I never thought of using a .243 until I bought one for my son about 5 years ago. I bought him a inexpensive Mossberg 100 ATR and put a VARI-X1 on it. He's now killed 6 deer with it and made me a firm believer in that caliber for whitetail deer. We have only used the 100 grain core-lokt since day one. I have three boys and all three have now killed deer with that set up. Every deer they have shot has either dropped in its tracks or gone no more than 30 yards.


----------



## Garbo (Oct 2, 2007)

Joerob5 said:


> I never thought of using a .243 until I bought one for my son about 5 years ago. I bought him a inexpensive Mossberg 100 ATR and put a VARI-X1 on it. He's now killed 6 deer with it and made me a firm believer in that caliber for whitetail deer. We have only used the 100 grain core-lokt since day one. I have three boys and all three have now killed deer with that set up. Every deer they have shot has either dropped in its tracks or gone no more than 30 yards.




I'm not taking anything away from the .243 round, but You have done a good job teaching your boys how to shoot. Based on the results you have shared Bullet Placement was understood and well done by your boys. I say this because a badly placed bullet shot from a 300Win Mag can create a 200+ yard deer tracking. 

.


----------



## mongo (Apr 30, 2008)

My favorite is my Weatherby 7mm-08 with 140 grain fusion rounds. Light recoil and an awesome two stage trigger.


----------



## Brandon_SPC (Nov 2, 2013)

I don't have a favorite because I think there are different tools for each job but deer size game .243, elk, bear, moose, caribou etc 7mm mag, tromping through thick stuff lever action in 45-70.


----------



## k-p (Oct 7, 2009)

.308 for here and .300 Remington short action ultra mag for out west. Used to have a .270 and loved it but went with .308 for better bullet selection. Still love a 30-30 for here too


----------



## espo16 (Apr 21, 2008)

Howa 1500 .270 is the go to meat stick.... Hornady 130gr SST is projectile of choice...


----------



## bigbulls (Mar 12, 2008)

I can't afford to shoot it all that much but my favorite rifle/cartridge is my Remington 700 in .338 Ultra mag.

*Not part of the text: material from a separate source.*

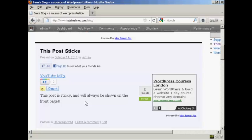So there you go — that's how you can make a post sticky in your WordPress blog. Thank you.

A 225 grain bullet leaving the barrel at 3200 fps.... well, lets just say it knocks the crap out of what ever it hits. 

I use my .270 (130 grain SST) that my grandfather passed down to me 95% of the time but this season I will be using my AR in 300BLK with Barnes 110 Tac-X ammo unless I'm sitting on a really big clear cut where I could easily have a shot over 250 yards.

Once I get my .308 all set up I will be using it quite a bit also. Hopefully with some hand loaded 178 grain A-max bullets.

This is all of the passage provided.